A strong patent system has been the engine of innovation in this country for over two centuries, and it remains a fundamental driver of economic growth and job creation in this new technology-driven economy. U.S. competitive advantage depends on strong, enforceable patent rights that incentivize innovators to invent. A law that would make it harder to enforce U.S. patents will encourage the infringement of American ingenuity and innovation and embolden competitors in China and elsewhere.
But that’s exactly the kind of law that is currently making its way through the House and Senate. To understand why, you must understand that one of the hallmarks of the current patent debate has been the discrepancy between the stated aims and the actual effort. For example, the stated aim is to protect small businesses and startups from “patent trolls,” but the companies driving the effort are many of the largest companies in the world – just five of them have an aggregate market capitalization of $2 trillion.

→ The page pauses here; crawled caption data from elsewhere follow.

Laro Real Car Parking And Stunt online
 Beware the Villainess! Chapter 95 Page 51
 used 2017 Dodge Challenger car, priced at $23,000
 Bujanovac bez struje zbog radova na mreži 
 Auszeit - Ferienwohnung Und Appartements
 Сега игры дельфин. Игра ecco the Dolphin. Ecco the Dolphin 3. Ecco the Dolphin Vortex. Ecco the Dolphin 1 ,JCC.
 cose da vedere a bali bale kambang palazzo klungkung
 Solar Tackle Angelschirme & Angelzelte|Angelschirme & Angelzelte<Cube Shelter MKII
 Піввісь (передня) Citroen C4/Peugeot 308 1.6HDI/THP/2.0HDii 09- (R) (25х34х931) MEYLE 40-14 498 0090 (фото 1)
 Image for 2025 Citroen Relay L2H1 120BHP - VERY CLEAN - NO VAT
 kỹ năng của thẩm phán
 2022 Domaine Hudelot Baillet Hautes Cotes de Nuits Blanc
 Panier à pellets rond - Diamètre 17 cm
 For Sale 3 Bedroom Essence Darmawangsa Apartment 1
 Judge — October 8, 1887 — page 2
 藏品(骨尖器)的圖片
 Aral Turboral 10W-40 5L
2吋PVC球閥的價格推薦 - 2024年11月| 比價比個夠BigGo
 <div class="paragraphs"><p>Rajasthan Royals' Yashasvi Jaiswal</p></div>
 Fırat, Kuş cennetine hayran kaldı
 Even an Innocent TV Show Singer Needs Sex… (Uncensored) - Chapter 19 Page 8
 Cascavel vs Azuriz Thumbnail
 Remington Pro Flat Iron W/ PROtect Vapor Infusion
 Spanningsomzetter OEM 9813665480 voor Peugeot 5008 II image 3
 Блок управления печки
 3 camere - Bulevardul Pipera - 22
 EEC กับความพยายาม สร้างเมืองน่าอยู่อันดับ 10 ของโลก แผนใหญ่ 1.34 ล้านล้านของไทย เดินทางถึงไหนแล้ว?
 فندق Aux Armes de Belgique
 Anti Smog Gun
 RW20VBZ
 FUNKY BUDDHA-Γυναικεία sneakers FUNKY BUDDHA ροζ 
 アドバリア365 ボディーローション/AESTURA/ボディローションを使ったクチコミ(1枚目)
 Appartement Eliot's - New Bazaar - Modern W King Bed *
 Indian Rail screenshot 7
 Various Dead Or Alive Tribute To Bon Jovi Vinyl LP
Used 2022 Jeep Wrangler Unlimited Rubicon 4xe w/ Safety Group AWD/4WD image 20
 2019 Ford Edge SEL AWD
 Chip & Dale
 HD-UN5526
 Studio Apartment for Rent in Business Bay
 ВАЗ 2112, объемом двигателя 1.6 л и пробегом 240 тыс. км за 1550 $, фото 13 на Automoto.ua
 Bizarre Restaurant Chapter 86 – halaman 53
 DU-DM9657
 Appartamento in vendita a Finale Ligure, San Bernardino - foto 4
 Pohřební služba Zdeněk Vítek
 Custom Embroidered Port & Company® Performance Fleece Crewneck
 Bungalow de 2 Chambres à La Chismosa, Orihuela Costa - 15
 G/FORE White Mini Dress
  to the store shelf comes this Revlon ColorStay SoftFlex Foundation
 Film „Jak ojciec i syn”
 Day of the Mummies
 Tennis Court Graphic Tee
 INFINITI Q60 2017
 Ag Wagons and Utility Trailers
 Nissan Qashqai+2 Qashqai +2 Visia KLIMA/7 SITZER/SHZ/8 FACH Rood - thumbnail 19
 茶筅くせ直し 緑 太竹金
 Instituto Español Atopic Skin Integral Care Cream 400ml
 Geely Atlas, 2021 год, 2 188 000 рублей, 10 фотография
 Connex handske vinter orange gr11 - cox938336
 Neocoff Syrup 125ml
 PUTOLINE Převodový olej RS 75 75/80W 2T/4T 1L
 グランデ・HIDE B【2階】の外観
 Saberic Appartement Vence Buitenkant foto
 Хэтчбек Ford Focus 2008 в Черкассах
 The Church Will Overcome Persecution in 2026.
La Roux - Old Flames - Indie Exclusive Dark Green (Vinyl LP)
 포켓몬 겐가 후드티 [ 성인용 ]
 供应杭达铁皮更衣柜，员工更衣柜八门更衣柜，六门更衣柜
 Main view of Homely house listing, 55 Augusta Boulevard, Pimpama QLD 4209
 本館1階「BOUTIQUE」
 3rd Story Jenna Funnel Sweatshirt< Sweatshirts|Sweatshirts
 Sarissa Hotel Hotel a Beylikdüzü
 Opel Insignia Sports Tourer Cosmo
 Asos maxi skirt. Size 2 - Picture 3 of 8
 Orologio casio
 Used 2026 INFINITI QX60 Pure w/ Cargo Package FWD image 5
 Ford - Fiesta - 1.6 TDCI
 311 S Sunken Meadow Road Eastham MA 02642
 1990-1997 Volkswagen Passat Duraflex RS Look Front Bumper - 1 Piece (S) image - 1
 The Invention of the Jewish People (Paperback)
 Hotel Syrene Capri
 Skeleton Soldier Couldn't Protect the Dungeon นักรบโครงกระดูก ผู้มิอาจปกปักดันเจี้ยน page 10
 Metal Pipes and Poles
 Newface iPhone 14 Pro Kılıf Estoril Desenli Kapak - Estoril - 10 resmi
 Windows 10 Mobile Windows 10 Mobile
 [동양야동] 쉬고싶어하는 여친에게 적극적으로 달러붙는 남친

Another discrepancy is between the stated legislative goals and the actual proposed language. This is perhaps demonstrated in starkest relief in the “customer stay” provision found in both the Innovation Act bill in the House of Representatives and in the PATENT Act bill in the Senate. It ostensibly would exist to protect downstream customers of a patent infringer, such as a small coffee shop offering Wi-Fi service using a device that unbeknownst to the coffee shop infringes a patent. But while the Senate Judiciary Committee’s summary of the PATENT Act says that the “customer stay is available only to those at the end of the supply chain,” like the coffee shop, the language found in the bill is actually far broader in scope.